We will further expand the model created in Tutorial 1 and turn it into an influence diagram. To this effect, we will add a decision node Investment decision and a utility node Financial gain. The decision will have two possible states: Invest and DoNotInvest, which will be the two decision options under consideration. Which option is chosen will impact the financial gain and this will be reflected by a directed arc from Investment decision to Financial gain. Whether the venture succeeds of fails will also impact the financial gain and this will be also reflected by a directed arc from Success of the venture to Financial gain.
We will show how to create this model using SMILE and how to save it to disk. In the subsequent tutorial, we will show how to enter observations (evidence), how to perform inference, and how to retrieve the utilities calculated for the Financial gain node.
The programs starts by reading the file, just like Tutorial 2 and Tutorial 3. We convert the identfier of the node Success to node handle, which we will use later to create an arc between Success and Gain. Two new nodes will be created by calling a CreateNode helper function, which is a slightly modified version of the CreateCptNode from Tutorial 1. The difference is that we now want to create different types of nodes. Therefore, CreateNode has one additional input parameter, an integer for specifying the node type. Another difference is that CreateNode needs to be able to add utility nodes, which do not have outcomes. The function checks the number of outcome identifiers passed in, and the call to DSL_nodeDef::SetNumberOfOutcomes is skipped when there are none.
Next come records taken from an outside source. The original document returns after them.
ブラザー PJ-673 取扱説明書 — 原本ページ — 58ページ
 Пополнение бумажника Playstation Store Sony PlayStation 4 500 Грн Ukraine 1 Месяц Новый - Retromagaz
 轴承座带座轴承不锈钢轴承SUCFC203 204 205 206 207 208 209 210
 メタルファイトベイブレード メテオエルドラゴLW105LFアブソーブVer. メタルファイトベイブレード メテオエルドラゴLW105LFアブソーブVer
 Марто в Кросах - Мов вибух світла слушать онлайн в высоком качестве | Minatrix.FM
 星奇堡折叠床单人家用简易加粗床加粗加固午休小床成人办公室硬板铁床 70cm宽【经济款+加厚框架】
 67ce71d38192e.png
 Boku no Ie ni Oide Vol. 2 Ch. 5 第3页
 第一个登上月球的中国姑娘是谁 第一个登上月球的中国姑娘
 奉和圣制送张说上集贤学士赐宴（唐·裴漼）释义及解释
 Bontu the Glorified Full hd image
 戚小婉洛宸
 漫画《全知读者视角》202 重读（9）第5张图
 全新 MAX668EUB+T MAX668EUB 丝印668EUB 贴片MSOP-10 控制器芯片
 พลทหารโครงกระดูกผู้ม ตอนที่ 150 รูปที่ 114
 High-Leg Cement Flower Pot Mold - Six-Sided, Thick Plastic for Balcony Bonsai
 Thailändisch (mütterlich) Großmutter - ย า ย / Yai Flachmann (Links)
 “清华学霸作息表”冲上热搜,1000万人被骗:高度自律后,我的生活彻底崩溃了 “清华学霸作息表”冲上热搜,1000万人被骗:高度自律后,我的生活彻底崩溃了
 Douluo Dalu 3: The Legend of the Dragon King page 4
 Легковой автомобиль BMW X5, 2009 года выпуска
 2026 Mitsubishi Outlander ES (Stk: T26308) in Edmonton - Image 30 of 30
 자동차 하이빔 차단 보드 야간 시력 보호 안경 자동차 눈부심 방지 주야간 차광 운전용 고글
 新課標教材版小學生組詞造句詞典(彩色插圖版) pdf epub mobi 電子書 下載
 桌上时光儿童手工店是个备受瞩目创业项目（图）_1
We will need this check for our utility node, which has no outcomes.
Back in Tutorial4 function, we add nodes and arcs:
int i = CreateNode(net, DSL_LIST, "Invest", "Investment decision",
{ "Invest", "DoNotInvest" }, 160, 240);
int g = CreateNode(net, DSL_TABLE, "Gain", "Financial gain",
{}, 60, 200);
net.AddArc(i, g);
net.AddArc(s, g);
Note that DSL_LIST is the node type identifier for decision nodes. DSL_TABLE is the node type identifier for utility nodes. Decision nodes do not have numeric parameters, but utility nodes do. The structure of the matrix in utility node’s definition is similar to the CPT with the exception of the last dimension, which is always set to one (as there are no outcomes). Node Gain has two parents with two outcomes each and size of its definition is 2 x 2 x 1 = 4. The program specifies four numbers for the utilities.
res = net.GetNode(g)->Def()->SetDefinition({10000, -5000, 500, 500});
The influence diagram is now complete. We write its contents to file and exit the function. Tutorial 4 is now complete, Tutorial 5 will load the file and perform the inference.